Stop the active performance trace recording on the selected webpage.
AI agents invoke performance_stop_trace to trigger actions in Chrome Devtools. What it does depends on the arguments the agent supplies, and its effects often reach beyond the immediate call — builds kicked off, notifications sent, workflows started.
This tool executes a browser command to halt performance tracing—an operation whose effect depends on the runtime state of the browser (whether a trace is active). It does not create, modify, or delete persistent data; it controls a debugging/inspection action on a live Chrome instance.
From the tool's definition Tool description: 'Stop the active performance trace recording on the selected webpage.' This action triggers a browser operation that halts an ongoing trace. The verb 'stop' indicates control of browser state/operations.
Attacks that exploit this kind of access
Stop the active performance trace recording on the selected webpage. It is categorised as a Execute tool in the Chrome Devtools MCP Server, which means it can trigger actions or run processes. Use rate limits and argument validation.
Register the Chrome Devtools MCP server in PolicyLayer and add a rule for performance_stop_trace: allow, deny, rate-limit, or require approval. Point your MCP client at the PolicyLayer proxy URL and the rule is enforced on every call, before it reaches Chrome Devtools. Nothing to install.
performance_stop_trace is a Execute tool with high risk. Execute tools should be rate-limited and have argument validation enabled.
Yes. Add a rate_limit block to the performance_stop_trace rule in your PolicyLayer policy. For example, setting max: 10 and window: 60 limits the tool to 10 calls per minute. Rate limits are tracked per agent session and reset automatically.

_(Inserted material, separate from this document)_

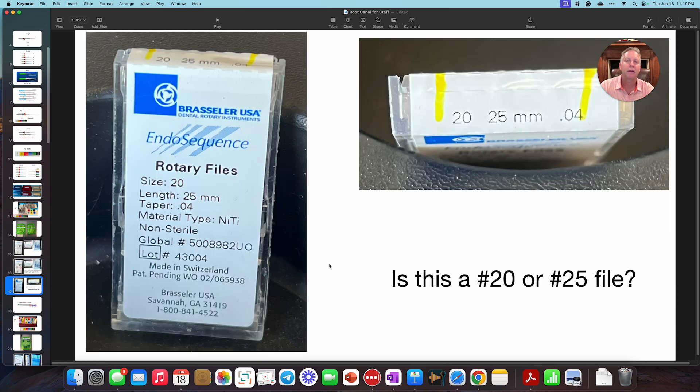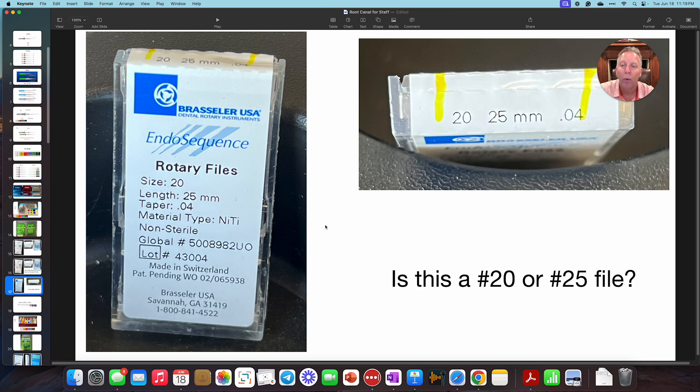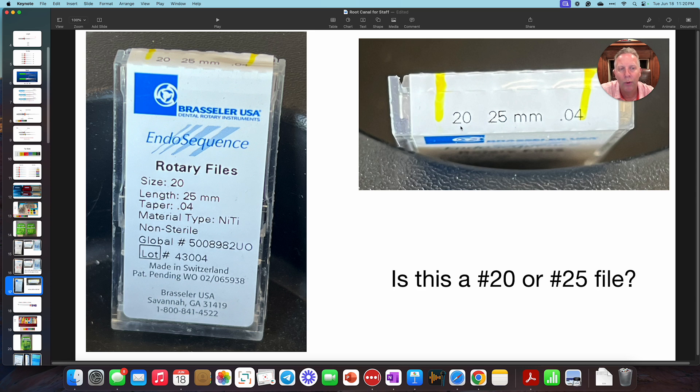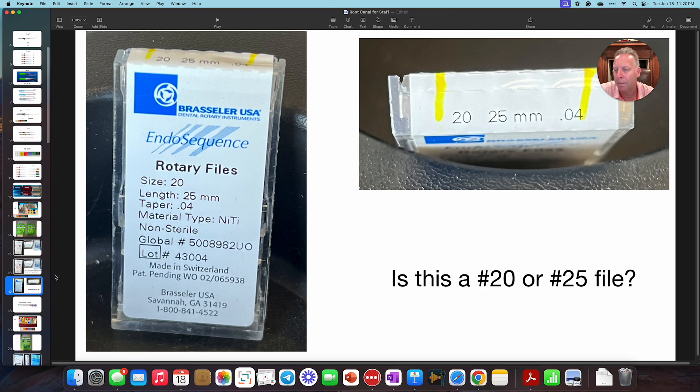Let's take a look at this one. A little quick test. On this pack, what size file is this? Is this a 20 or is this a 25? Because you see the number 20, you see 25. Well, because this has millimeter after it, that is the length. So 25 millimeter length. Again, 04 taper. This is a number 20 file.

Set action: deny in the PolicyLayer policy for performance_stop_trace. The AI agent will receive a policy violation error and cannot call the tool. You can also include a reason field to explain why the tool is blocked.
performance_stop_trace is provided by the Chrome Devtools MCP server (shivamprasad99/chrome-devtools-mcp). PolicyLayer sits as a proxy in front of this server to enforce policies before tool calls reach the server.
Every MCP server has a record like this.
Type a name, get the same breakdown: verified identity, auth posture, risk grade, capabilities, recommended policy.